→ DESCRIPTION OF THE TASK
Take the lines from the one with "С 13 по 17 апреля" through the end of the material below and repeat them exactly, dropping every picture.

┌──

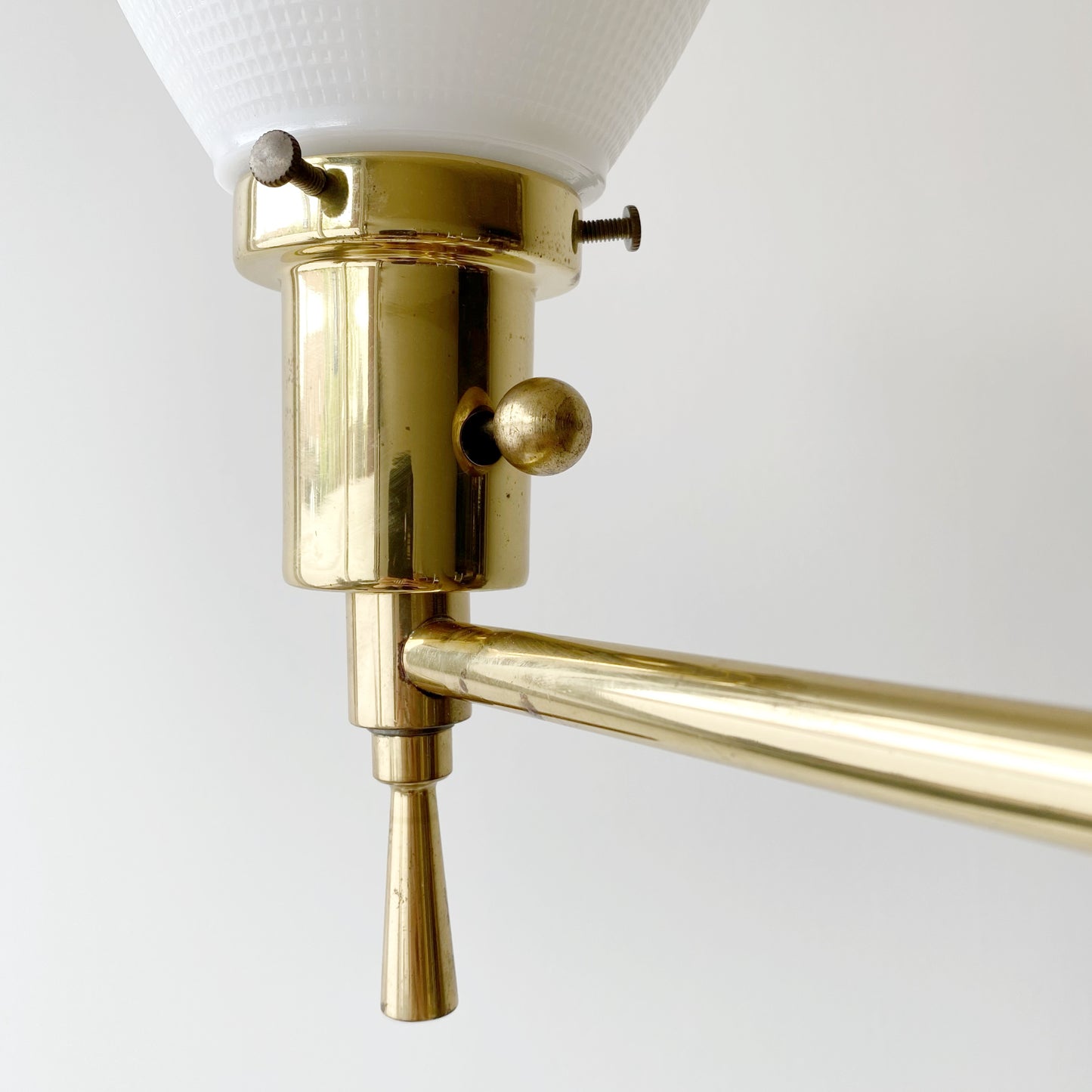Vintage Brass Floor Lamp with Dual-Shade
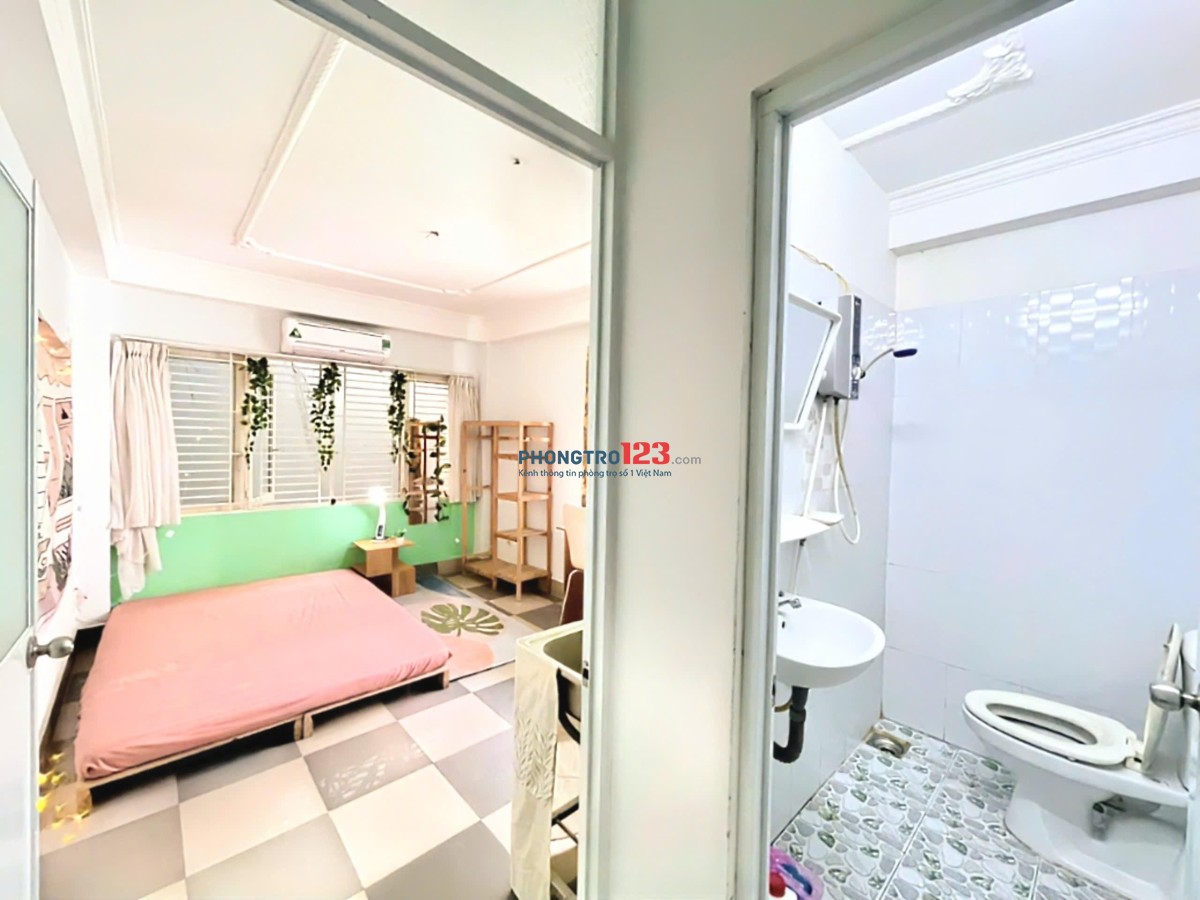 P.02 giá 4tr7 20m2 Lầu 1, 2 cửa sổ nắng đẹp ( Pass phòng )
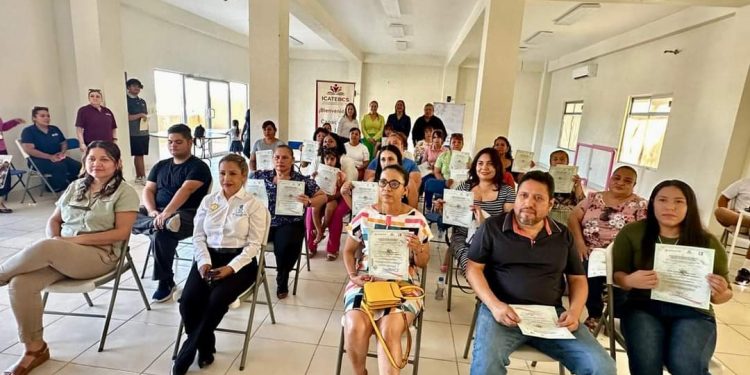 TRAS LAS HUELLAS Por Monserrath Villalejo Baeza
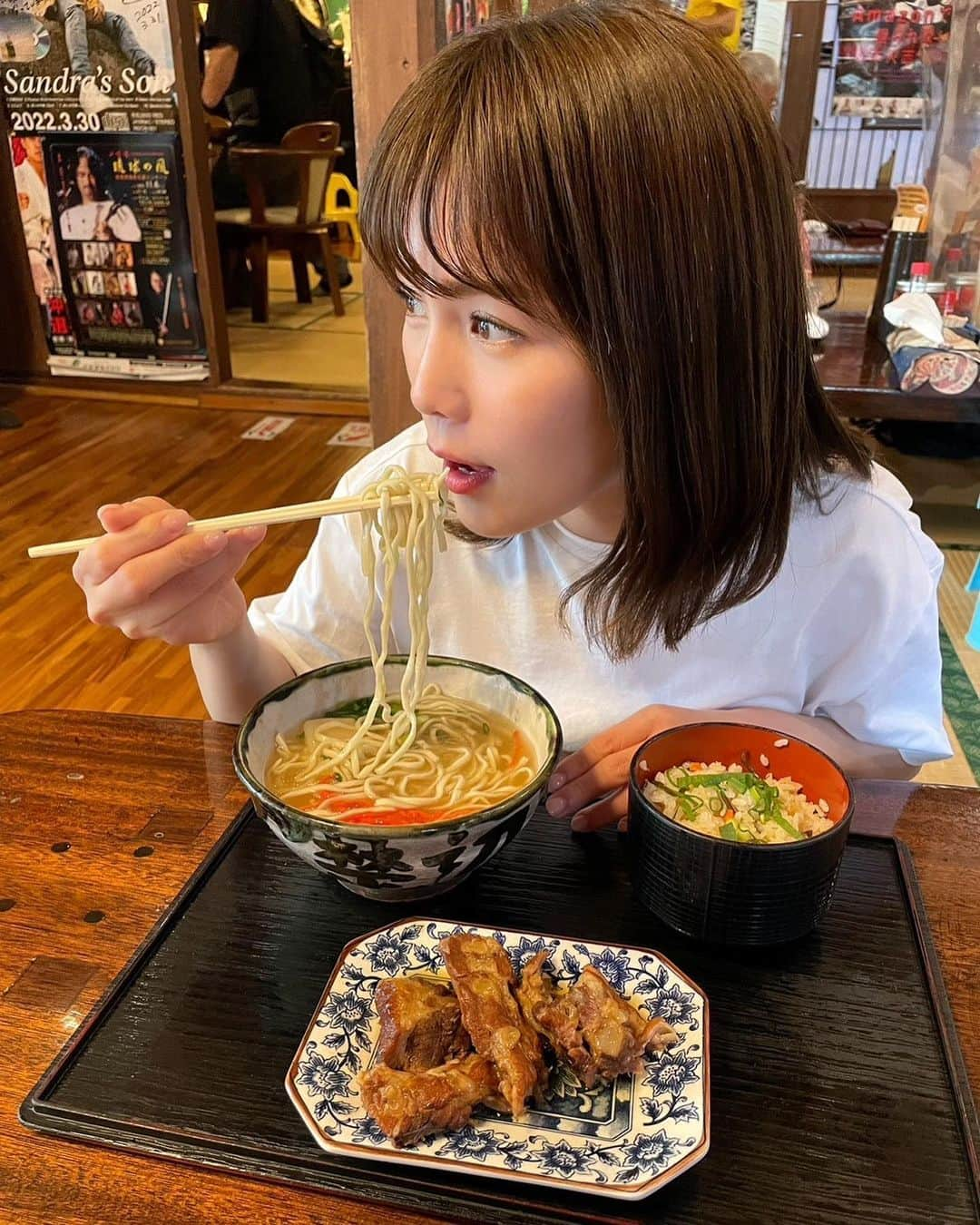 沢辺りおんさんのインスタグラム写真 - (沢辺りおんInstagram)「じゅ〜しぃまで頼んじゃった🫣 沖縄行ったらほぼ行く沖縄蕎麦屋さんです。  ソーキが美味しい！！  あまりにもお腹空きすぎて ご飯だけの写真撮り忘れたよ。  #沖縄そば #ソーキそば」5月1日 13時15分 - rionsawabe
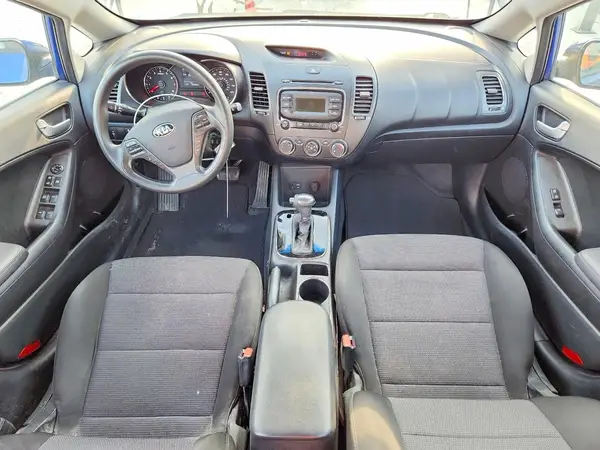 3KPFK4A72JE168397 2018 KIA FORTE - Image 8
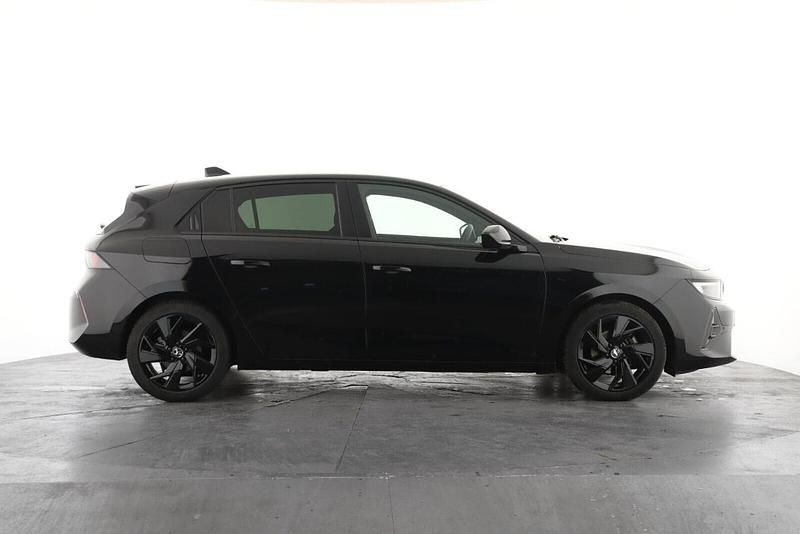 Used Vauxhall Astra S 128 HP (94 kW) 2025 Black Hatchback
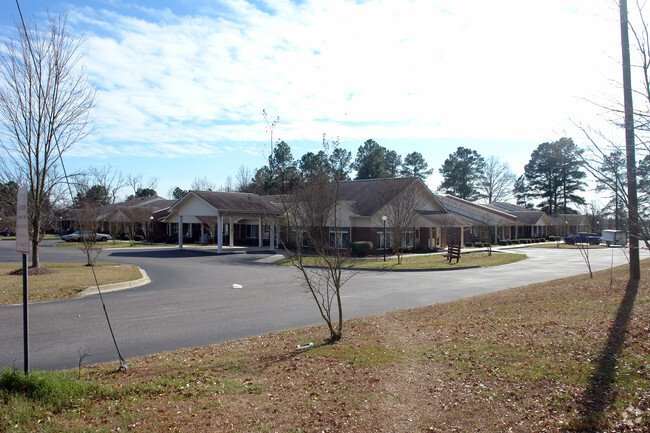 Primary Photo - Bennetts Pointe Apartments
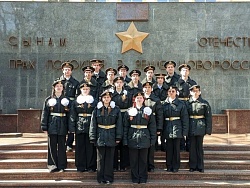 С 13 по 17 апреля ученики ЧОУ "Гимназия №1" с честью и достоинством несли Вахту Памяти на Посту №1.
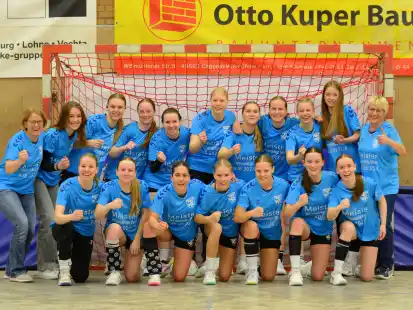 Verbandsliga-Meister: Die B-Junioren-Handballerinnen des TV Cloppenburg in Feierlaune.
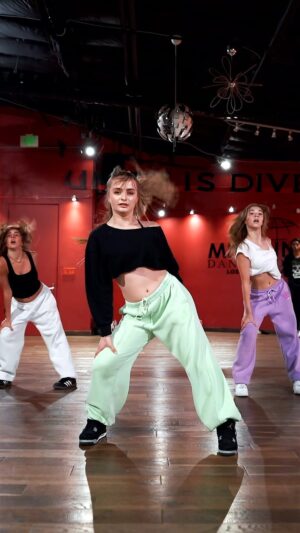 Kelly Sweeney Instagram - I’m gonna make u want moreeee ✨ 
no class with me this weekend but I’m back next week !!! love you all 🫶🏻
#westsideremix - @arianagrande 🎥 @keeganbarnes_videographer 
#kellysweeneychoreo #arianagrande #millenniumdancecomplex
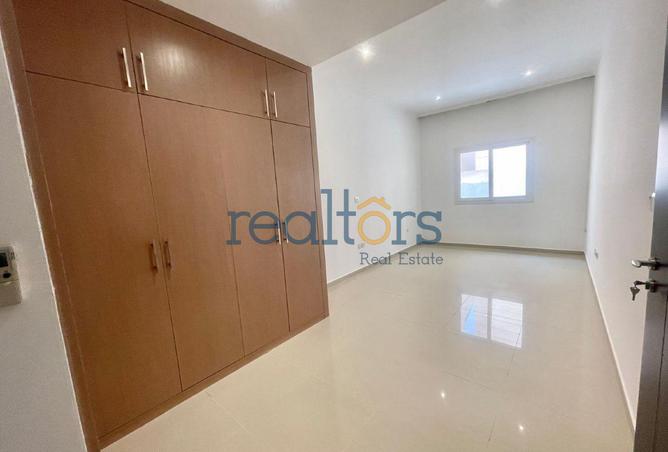 54927167 - Property Image 3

└──

→ SOLUTION
 С 13 по 17 апреля ученики ЧОУ "Гимназия №1" с честью и достоинством несли Вахту Памяти на Посту №1.
 Verbandsliga-Meister: Die B-Junioren-Handballerinnen des TV Cloppenburg in Feierlaune.
 Kelly Sweeney Instagram - I’m gonna make u want moreeee ✨ 
no class with me this weekend but I’m back next week !!! love you all 🫶🏻
#westsideremix - @arianagrande 🎥 @keeganbarnes_videographer 
#kellysweeneychoreo #arianagrande #millenniumdancecomplex
 54927167 - Property Image 3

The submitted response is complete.